While there’s no question Garbus has recruited first-rate talent to pay homage here, some of the most impressive names prove heavy-handed or simply miscast in attempting to channel the love goddess’s fragile spirit; moreover, having them act against green-screened archival materials has a tacky, pop-up televisual feel. Probably most effective in their straightforward readings are Jennifer Ehle, who gets a fair amount of screentime, and (perhaps surprisingly) Lindsay Lohan, who does not.

Limiting clips from predictable movie highlights, and skipping over several well-known titles entirely, the pic tries to emphasize lesser-known materials, including numerous candid photos, behind-the-scenes footage, and one uncomfortable live appearance on TV’s Person to Person.”

More Screenings Set for ‘Love, Marilyn’

Photo by Sam Shaw

A screening of Love, Marilyn will open The Hamptons Film Festival at East Hampton, Long Island, on October 4th. (Marilyn stayed at Long Island in the summer of 1957 with husband Arthur Miller.)
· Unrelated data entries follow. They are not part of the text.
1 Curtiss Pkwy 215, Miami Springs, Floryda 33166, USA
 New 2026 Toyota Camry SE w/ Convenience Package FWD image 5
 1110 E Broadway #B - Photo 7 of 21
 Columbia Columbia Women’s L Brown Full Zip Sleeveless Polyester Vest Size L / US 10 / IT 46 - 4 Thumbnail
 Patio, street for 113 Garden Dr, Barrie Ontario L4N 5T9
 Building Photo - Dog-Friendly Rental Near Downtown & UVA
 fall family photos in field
In other news, the Canadian theatrical rights to Love, Marilyn have been acquired by distributor Mongrel Media. And a video interview with director Liz Garbus has been posted by the New York Times.

HBO Acquires US TV Rights to ‘Love, Marilyn’

HBO has acquired TV rights for Liz Garbus’s documentary, Love, Marilyn, in the US, reports Variety.

“The film is written, directed and produced by Garbus and produced by Stanley Buchthal and Amy Hobby. Executive producers are Anne Carey, Olivier Courson, Harold Van Lier and Enrique Steiger.

Love, Marilyn coincides with the 50th anniversary of Monroe’s death and features footage, audiotapes, handwritten letters, diaries, notes, poems, journals and notebooks.

Interviews and archival footage features Arthur Miller, Joe DiMaggio, Amy Greene, Molly Haskell, Truman Capote, Norman Mailer and Elia Kazan.

Deal was negotiated by David Koh, Josh Braun and Dan Braun of Submarine Entertainment along with Stanley Buchthal of Diamond Girl Productions LLC and Harold Van Lier of Studio Canal on behalf of the producers and director with HBO.”